Just as she was a committed activist and progressive, she loved the Italian stuff—the lore, the stories, the folkways. If I remember this right, her people were Sicilian on one side, Neapolitan on the other. Like in so many families, Italian or otherwise, there was plenty of political strife. She told me in an email that when her grandfather on her mother’s side, Joseph Mosarra, went to work at the Italian Center in Stamford, Connecticut (which had been started by her paternal grandfather, who became “a big fan of Fascism”), the first thing he did when he got there was “take down all the pictures of Mussolini.” I shared stories about my grandfather, Marino Auriti, fleeing Italy after the Fascists seized his family’s house in Abruzzo and then, when I was a kid, how I was fascinated and confused by a great-uncle’s Fascist armband that was, for whatever reason, kept in a drawer in my grandparents’ house in Pennsylvania. I assumed later this was some sort of Santayanan reminder about remembering the past lest we doom ourselves to repeat it.

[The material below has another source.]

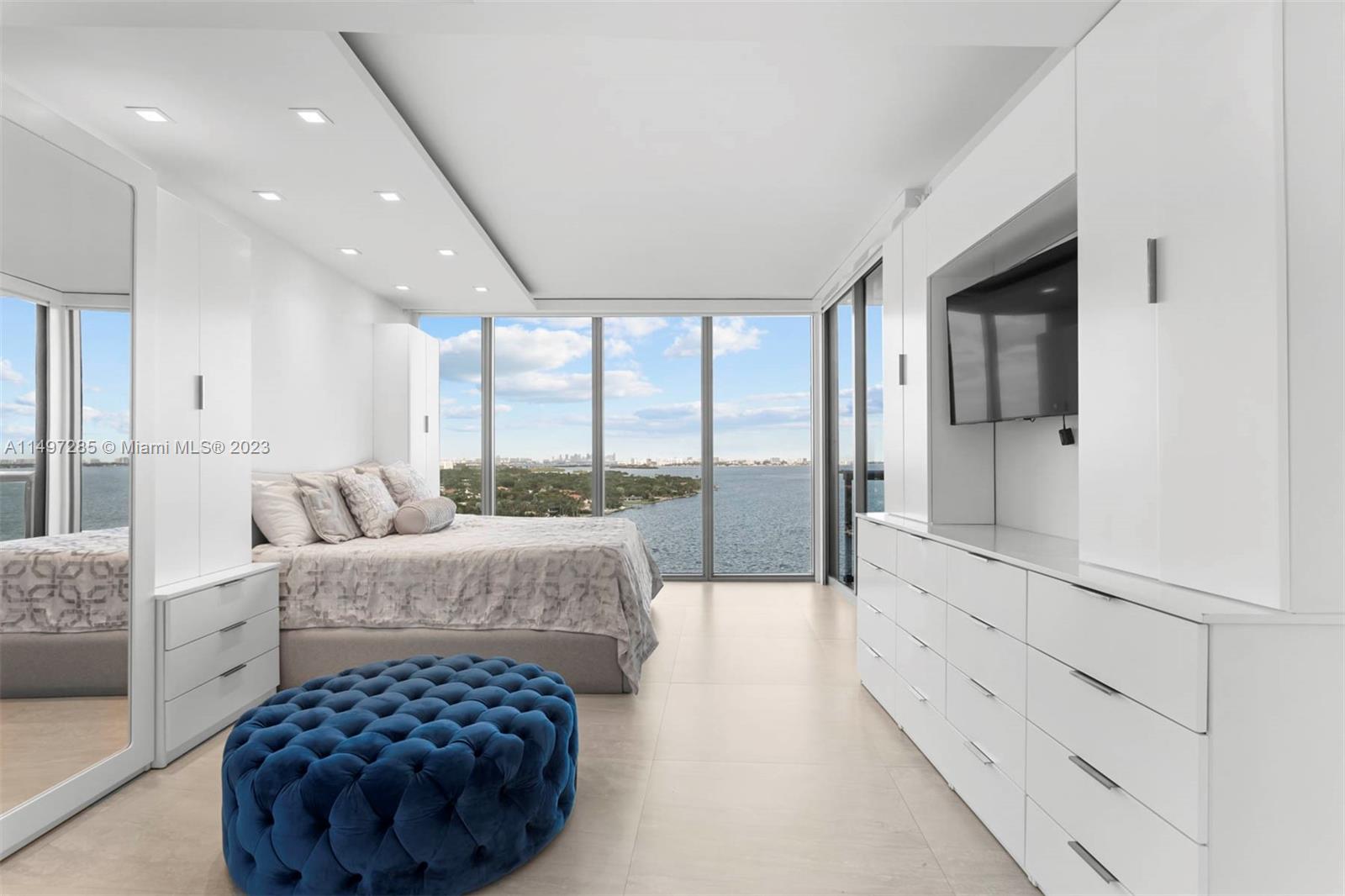 BLUE CONDO - Residential Lease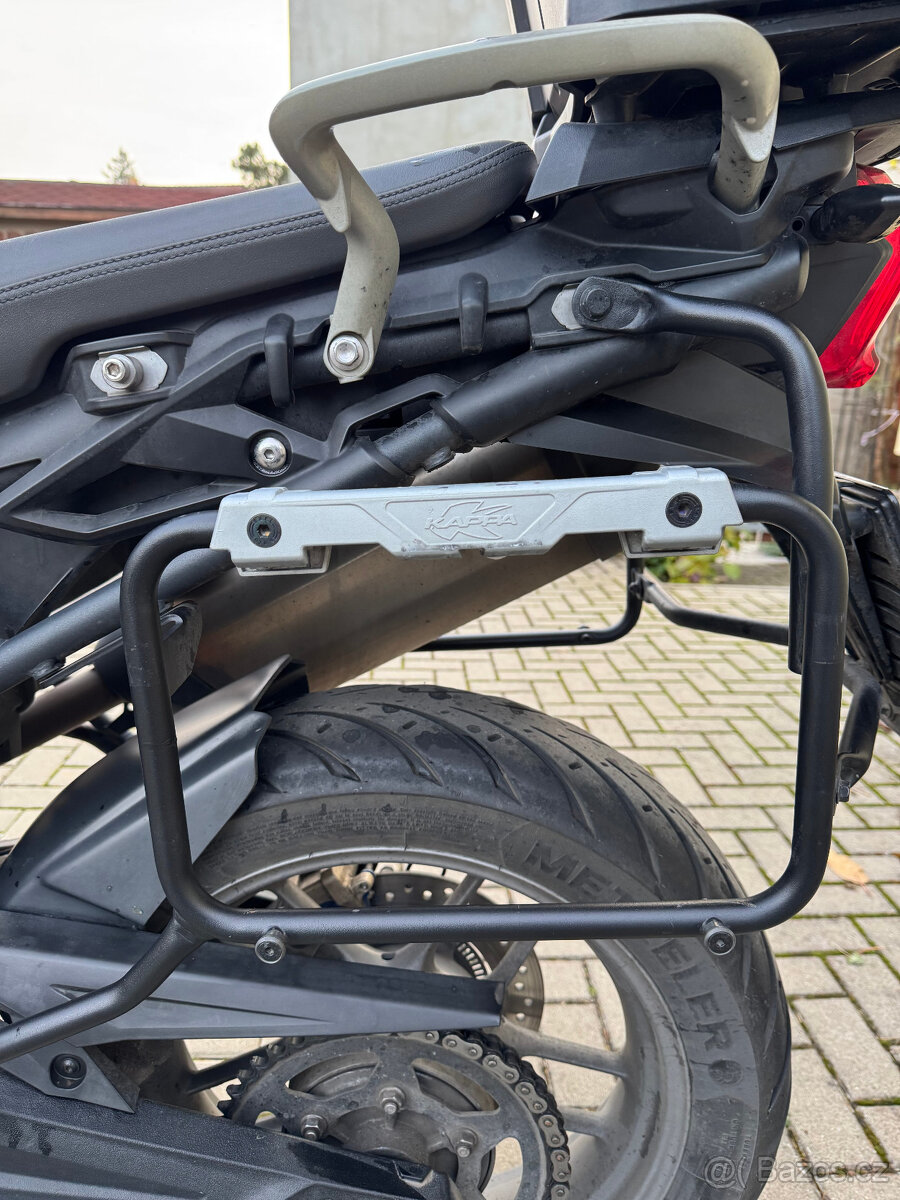 Triumph Tiger 800 2011 - 16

Francesca and I met in person only once, over a long weekend in San Francisco. We both had a feeling of instant and deep familiarity, like we’d known each other forever. I remember we were in the unlikely neighborhood of Union Square, having some kind of beverage, taking about publishers, and I said something about a friend whose collection of essays was coming out on Akashic Books. Francesca didn’t know the publisher, but loved the name—“like the Akashic records,” she said. I didn’t know what that was, and she told me that akasha was Sanskrit for “ether,” that the idea was from theosophy (I think she might have used the words “old hippy thing”) and that, to be super-reductive here, it was a collection of all knowledge, all actions, and all desires, recorded in the astral plane. I joked that it sort of sounded like the internet, only without all the freaky trolls. I also said it reminded me of the notion of the Recording Angel, something that gets many a young person through a long night: the idea being that you have been seen, you have been witnessed, and, because of this, some of the loneliness of your life has been allayed. And so let me leave you with this: the idea of Francesca Rosa in the ether, over the airwaves, in our hearts.